Suggestion: Develop and begin implementation of an effective plan to legalize the profession of chiropractic in Taiwan.
More than a decade has passed since the above suggestion first appeared in an AmCham White Paper, making the uncertain legal status in Taiwan of chiropractic doctors the oldest unresolved White Paper issue.
The issue should not be so difficult to solve. The World Health Organization has long acknowledged chiropractic as a valuable form of alternative medicine, and more than 100 countries have found ways to incorporate chiropractic into their healthcare systems. Taiwan is one of only a handful of major jurisdictions where that objective has so far been impossible to achieve.
The core obstacle has been the opposition of the medical establishment, which in Taiwan continues to be quite politically influential. Nevertheless, through the active involvement of the National Development Council and some productive discussions with the Ministry of Health and Welfare (MOHW), progress appeared to be occurring a few years ago toward working out a path forward for recognition of chiropractic. Then progress was stalled last year due to the arrival of COVID-19. Understandably, the Ministry needed to put all other issues aside to concentrate on fighting the pandemic. This year that priority continues. Although the Taiwan government’s handling of the coronavirus has been among the most effective in the world, the vaccination program has just begun and the battle continues.
As soon as feasible, however, attention should again be directed to the incongruous status of chiropractic in this society. Until a reasonable solution can be devised, the foreign-trained, foreign-licensed chiropractic doctors practicing in Taiwan have had to exist in a state of limbo, remaining so low-profile that they may not even operate websites. It is an assault on the dignity of professionals who have typically gone through the equivalent of five years of post-graduate medical education and training in Taiwan.
Further, the nebulous status also leaves chiropractic doctors vulnerable to harassment by ill-wishers who complain to local health authorities that chiropractors are practicing medicine without a license. Although such charges are likely to be dismissed upon review, chiropractors are left in a state of constant insecurity.
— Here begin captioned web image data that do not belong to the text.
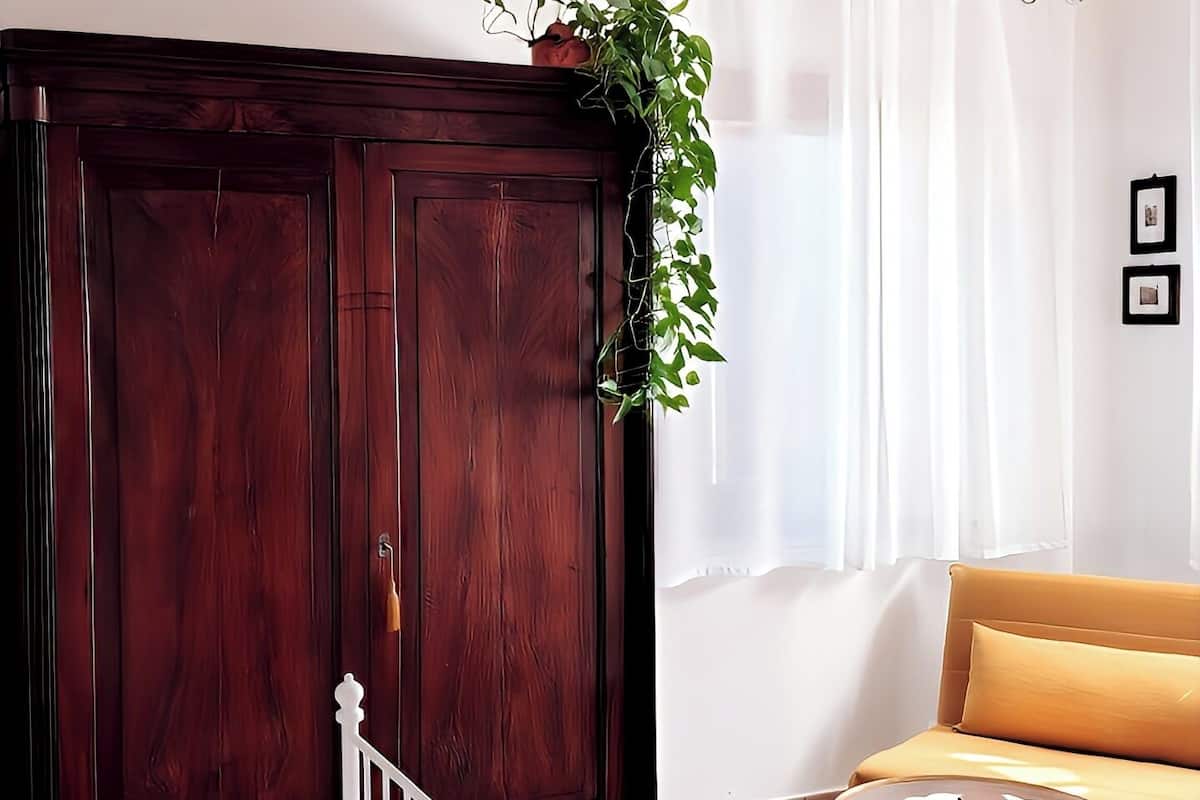 Comfort Double Room, Garden View | Premium bedding, down comforters, pillowtop beds, free minibar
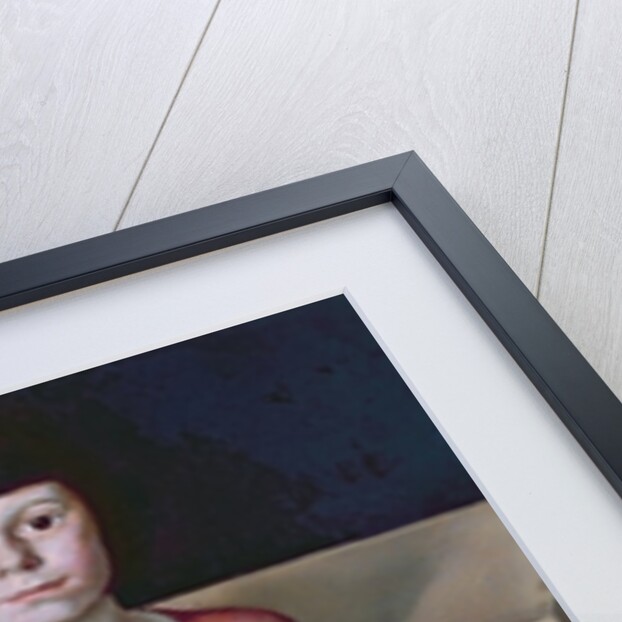 The Artist's Youngest Daughter, 1920 by Albin Egger-Lienz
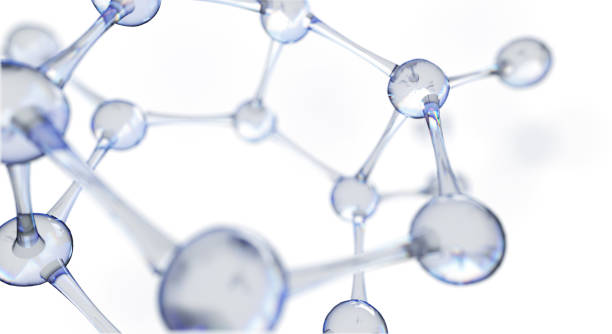 istock Science or medical background with molecules and atoms. 871966410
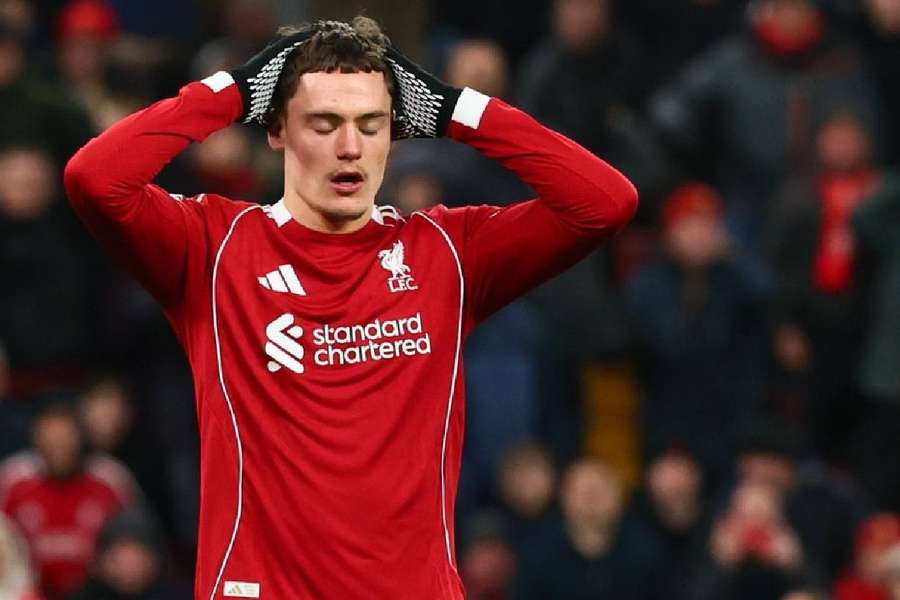 Wirtz lamenta lance em Anfield contra o Leeds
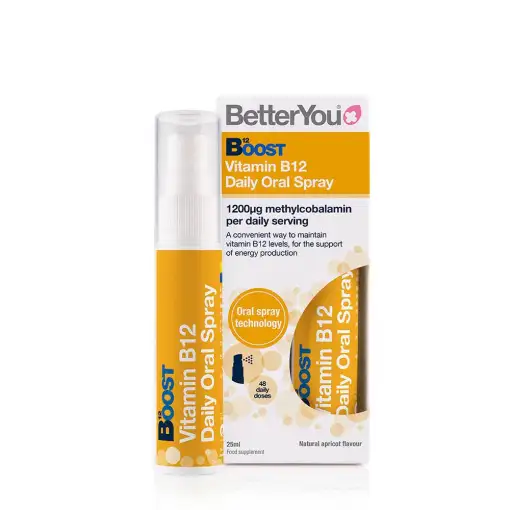 Spray buccal Boost B12 - 25 ml.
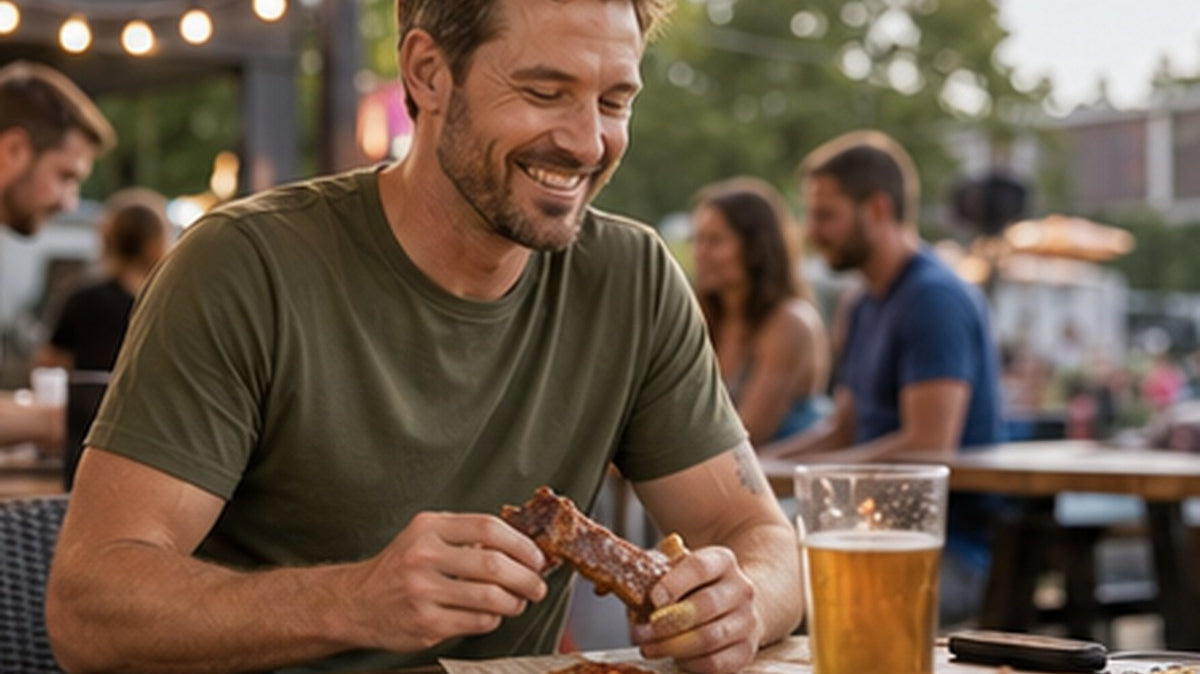 Textale blog cover: Father's Day Gift for the Foodie Dad: Stain-Repel Tee for BBQ & Brewery 2026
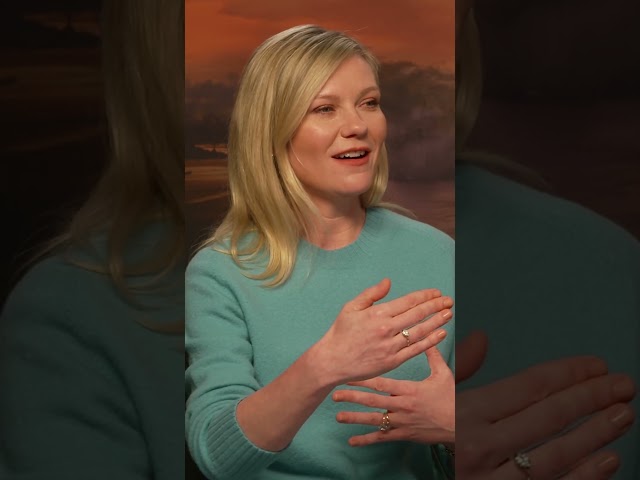 Kirsten Dunst on how women in the industry helped shape her as an actress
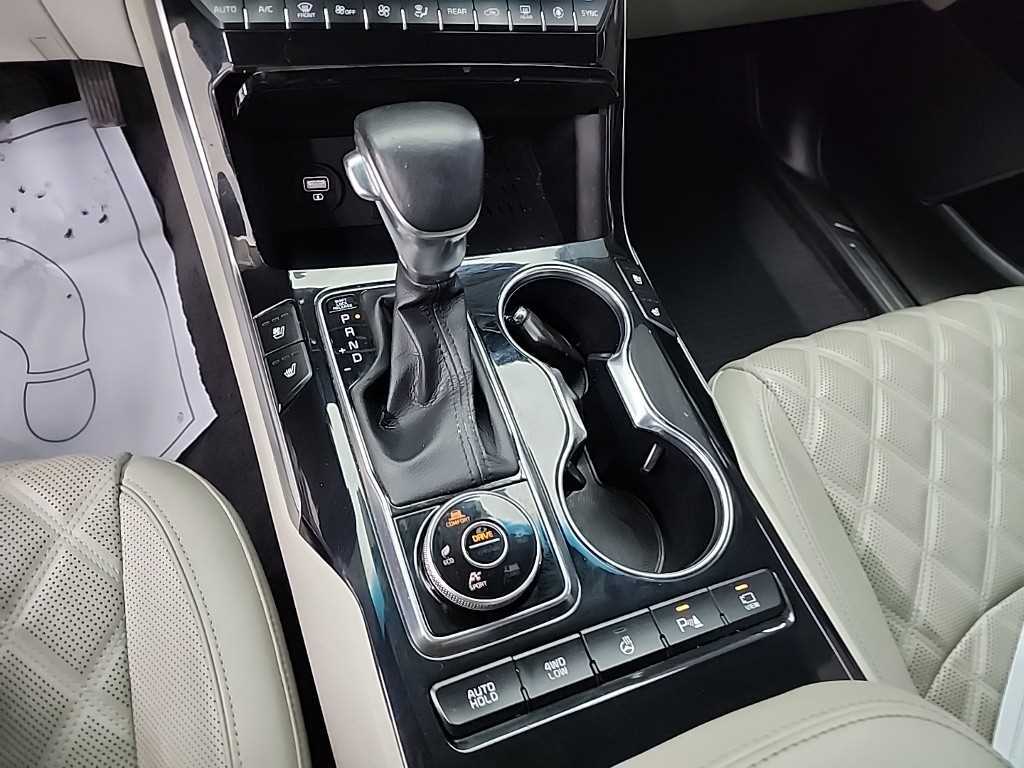 KIA Mohave - Vista 8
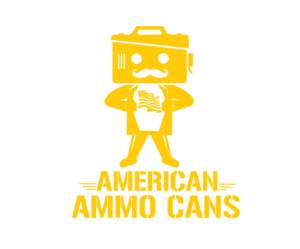American Ammo Cans | Logo Design by bluberri
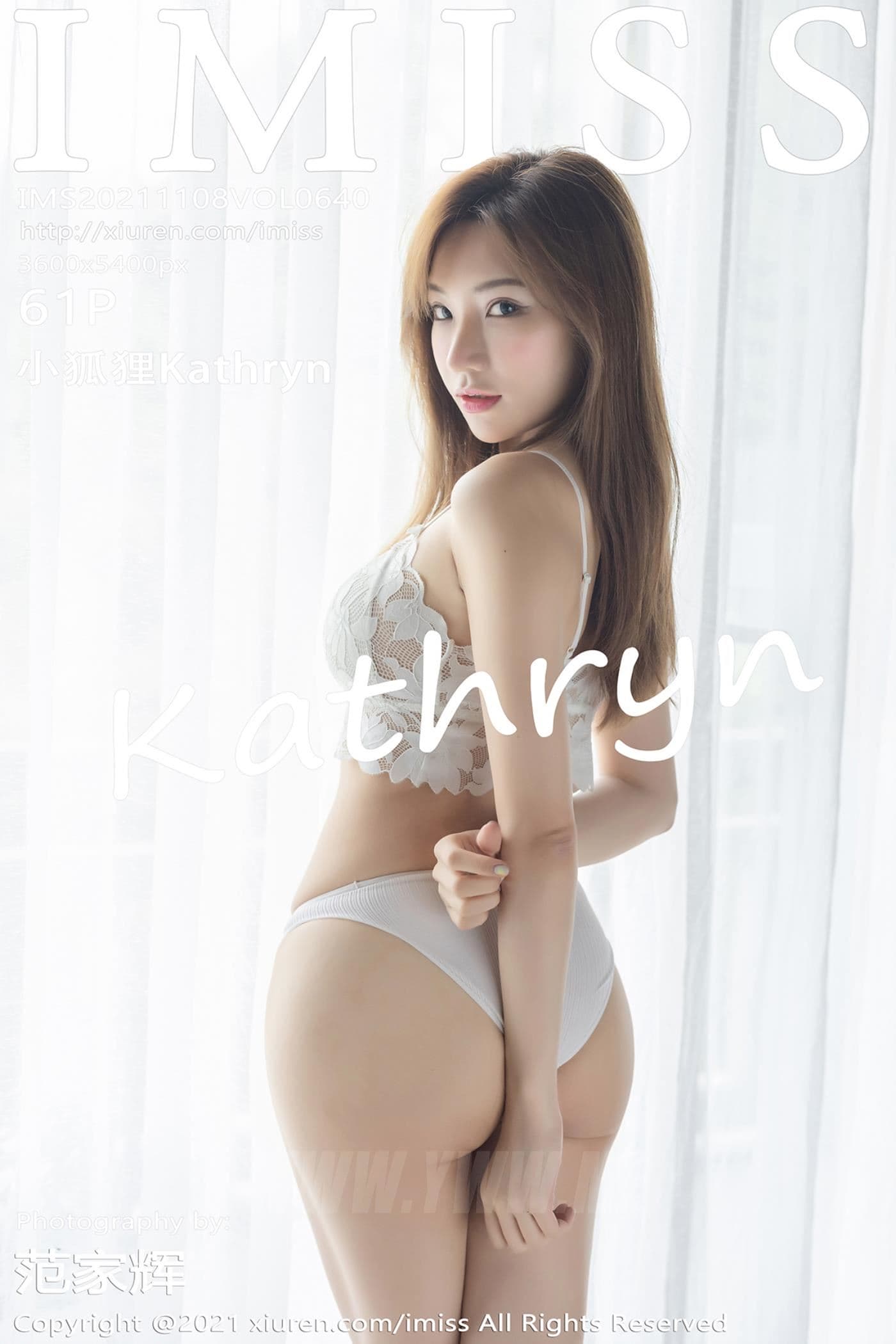 IMISS爱蜜社 VOL.640 小狐狸Kathryn 丝袜美臀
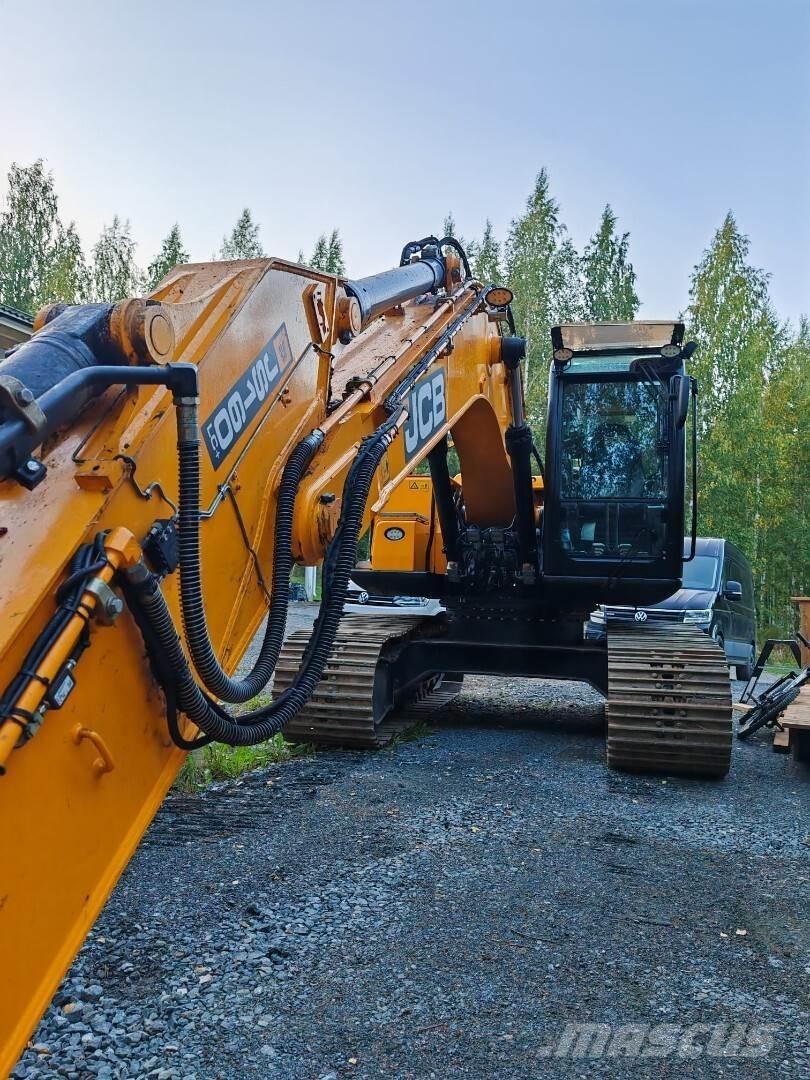 JCB 160 lc Bageri guseničari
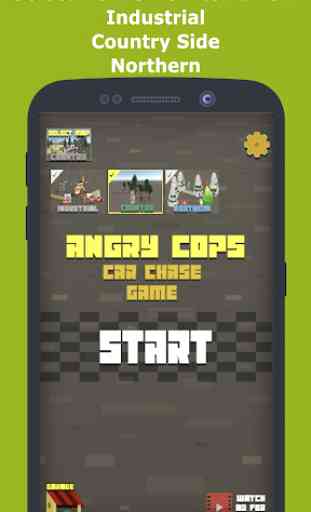 Angry Cops : Car Chase Game 4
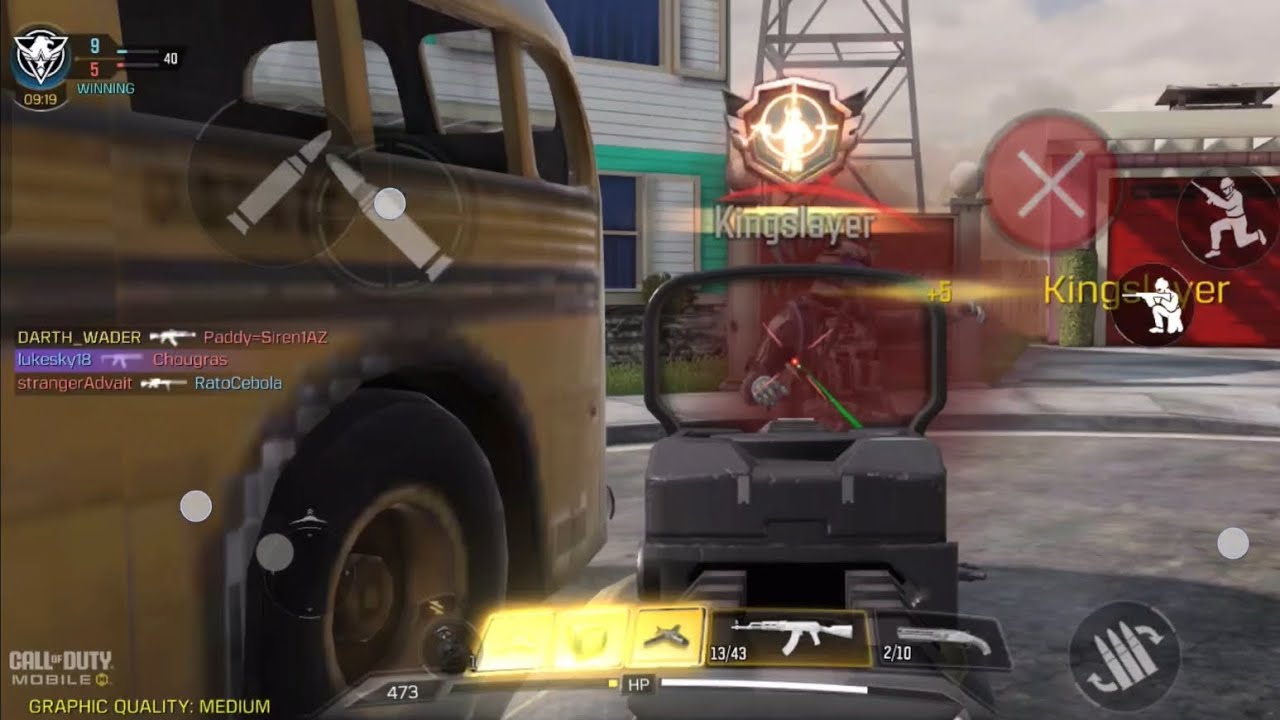 Ruthless Gameplay || Darth wader OP || COD Mobile - Team death match 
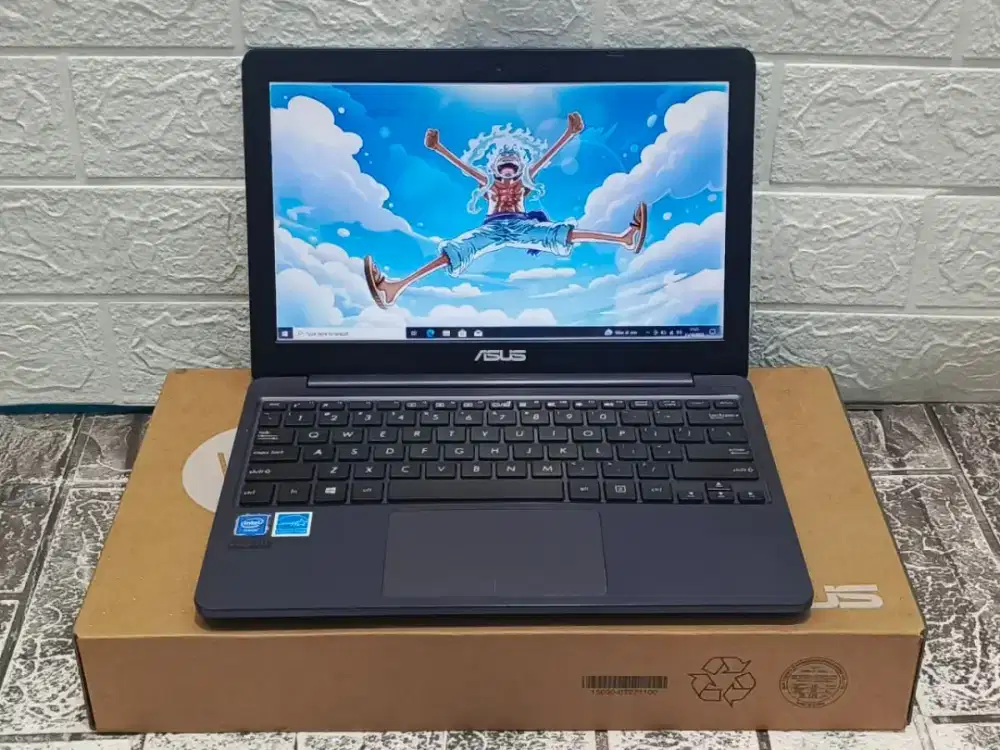 Asus Vivobook 12 E203MAH Celeron N4000 RAM 4GB HDD 500GB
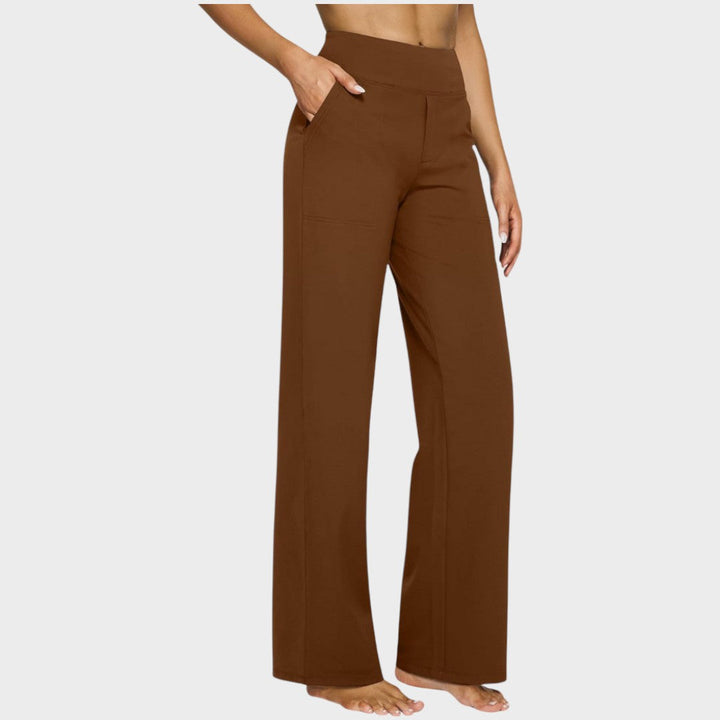 Mónica | Pantalón Clásico Elástico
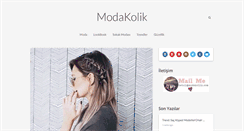 Desktop Screenshot of modakolik.com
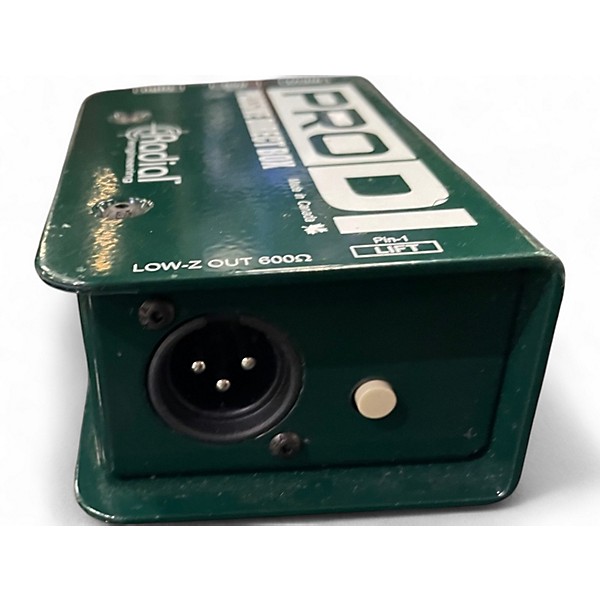 Used Radial Engineering ProDI Direct Box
Even more importantly, the current situation has limited the availability of chiropractic care in Taiwan, depriving the local public of access to a valuable form of healthcare appreciated by countless patients the world over. Chiropractic offers relief to patients suffering from low-back pain, neck pain, headaches, and other neuromusculoskeletal ailments. The U.S. alone has more than 70,000 licensed chiropractors.
Chiropractic treatment involves neither surgery nor medication, and so represents a highly cost-effective approach that could relieve some of the financial burden on Taiwan’s National Health Insurance program as Taiwan becomes a super-aged society.
It is long past time for Taiwan to catch up with most of the rest of the world in adding chiropractic to the fully recognized healthcare options available to the public. Once public health conditions permit, the chiropractic-doctor members of AmCham Taiwan urge the authorities to finally come up with a practical plan to provide legal recognition to their profession.